# Accommodation near White City, Sask.



## Ena (Feb 7, 2005)

Could someone please recommend a place to stay in or near White City? Going to a wedding anniversary celebration being held at the Community Centre. It's a surprise for my friends. Love stuff like this.


----------



## gwillikers (Jun 19, 2003)

White City is so close to Regina that staying in Regina would likely be your best option.


----------



## winwintoo (Nov 9, 2004)

White City has no Hotels/Motels, so Regina it is. The good news is that there are a lot of newish hotels on the East end of Regina - White City is east of Regina - those hotels are all right along the highway and it's a straight shot to White City. 
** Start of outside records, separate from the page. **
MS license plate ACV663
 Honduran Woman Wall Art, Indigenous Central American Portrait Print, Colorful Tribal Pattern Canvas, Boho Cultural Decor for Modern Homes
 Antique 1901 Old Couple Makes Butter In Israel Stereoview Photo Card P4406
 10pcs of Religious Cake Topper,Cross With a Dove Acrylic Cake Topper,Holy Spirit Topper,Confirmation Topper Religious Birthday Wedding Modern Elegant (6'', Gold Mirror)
Bonus - all the new big box stores are right there too. You do need a car though.

I live in Regina. If you don't have a contact here, I can grab the names and phone numbers of the newer places for you if you want. Getting to the hotel area from the airport is pretty straightforward too.

Take care, Margaret


----------



## Ena (Feb 7, 2005)

winwintoo said:


> I live in Regina. If you don't have a contact here, I can grab the names and phone numbers of the newer places for you if you want. Getting to the hotel area from the airport is pretty straightforward too.
> 
> Take care, Margaret


Thanks so much Margaret! Names would be great and then I can look online.

Used to live in Moose Jaw


----------



## winwintoo (Nov 9, 2004)

I'm going out there tomorrow and will sort out the new ones from the old ones. There's a couple of old ones that are past their prime and I can't remember which is which, but most of them went up in the last couple of years - they aren't on the map yet LOL

I'll get back to you.

Margaret


----------



## RatsOnMacAttack (Mar 5, 2005)

Stay at the Travelodge and say hi to Nicky the front desk girl. Shes my buddy's girlfriend.


----------



## winwintoo (Nov 9, 2004)

Which Travelodge? There's at least two here?

Margaret


----------



## Ena (Feb 7, 2005)

Celebration venue has been changed to a farm near Balgonie. Is there any accomodation between White City and Balgonie? Balgonie has a hotel but can't find anything about it other than it has seven rooms. Maybe not the most restful spot with a bar in hotel too.
TIA


----------



## winwintoo (Nov 9, 2004)

Sorry it's taken me so long to get back to you.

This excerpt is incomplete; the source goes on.